The DC06 cleanup is ongoing, the Tier-1 disks are still to be tidied but Marianne is preparing the lists for this ( ACTION:
Marianne ). Joel reported that Gennady had provided a script to target the destination site for reconstruction jobs
which is now in use.
3. Production Operations Issues
The issue of SRM stability at the Tier-1s was mentioned and Nick agreed to escalate this on a site by site basis after
some definite information had been gathered. Stuart reported that the StagerAgent is now populating the StagerDB
with all site metadata timing information and this should be represented graphically somehow ( ACTION: Andrew,
Stuart ). Roberto agreed to report to add a metadata request to the SRM critical tests and flag with an alarm.
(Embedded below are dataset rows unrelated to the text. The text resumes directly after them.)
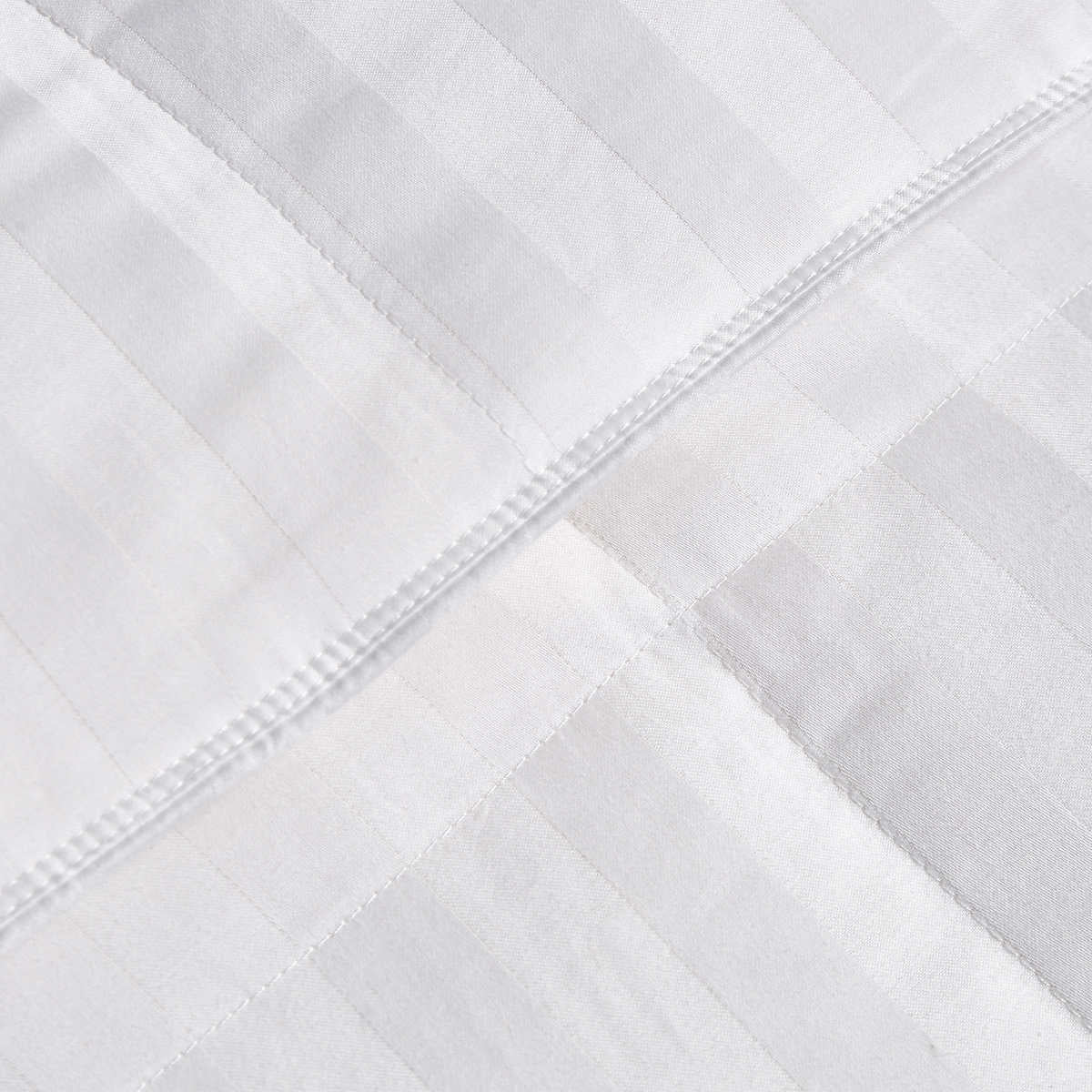 hotel-grand-duvet-plumes-blanches- white-down-2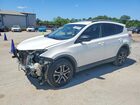 2016 Toyota Rav4 Le White vin: JTMZFREV6GJ084621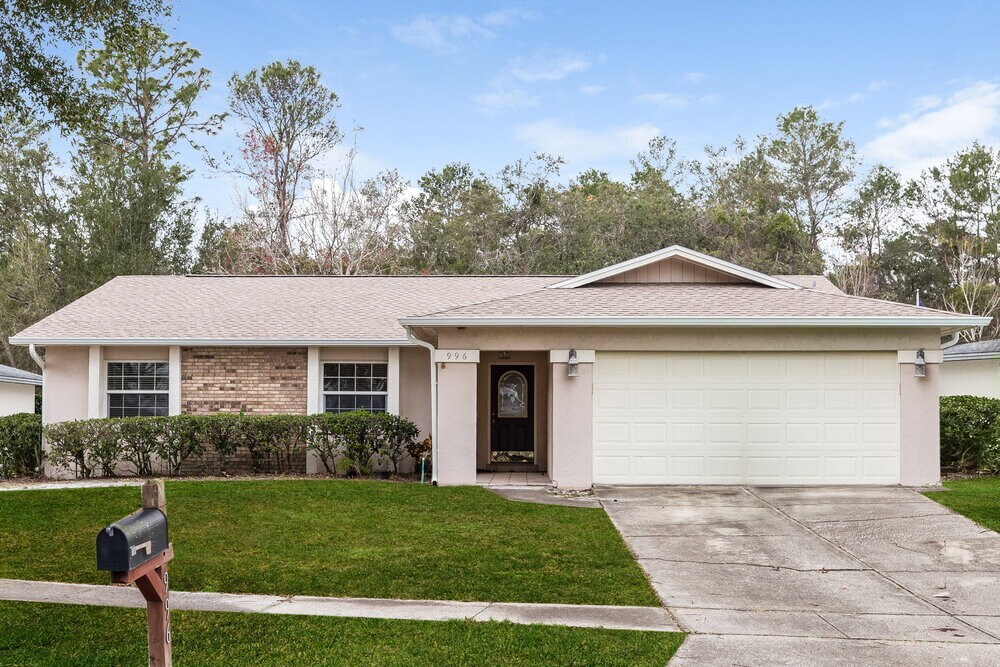 Primary Photo - 996 Papaya Ln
In this
way, sites would not be declared 'up' unless their SRM was responsive. The possibility to include VO critical tests in
the evaluation of site availability should also be discussed at the operations meeting ( ACTION: Roberto ).
The issue of some user jobs incorrectly staging data at one site and running at another site is fixed at the time of
writing these minutes. Now the Data Optimizer will force a single destination site for all jobs ensuring data cannot be
staged twice unnecessarily. There was also some discussion of the recent User system Stager activity. It was agreed
that jobs accessing files on tape should be restricted somehow. Stuart will work on this and draft an email to explain
the policy. ( ACTION: Stuart )
4. Definition of the LHCb VO Policies
A further discussion on the LHCb VOMS policy was started, it was concluded that all LHCb users will be mapped to the
LHCb group by default and the VO will retain specialized groups such as production managers. There was a
comprehensive discussion of the job prioritization strategies in DIRAC and Gianluca agreed to make a summary of this
( ACTION: Gianluca ).
5. DIRAC3 Tasks
The DIRAC3 Tasks discussion at the PASTE meeting was postponed due to the DIRAC3 workshop (being held
concurrently).
6. AOB
None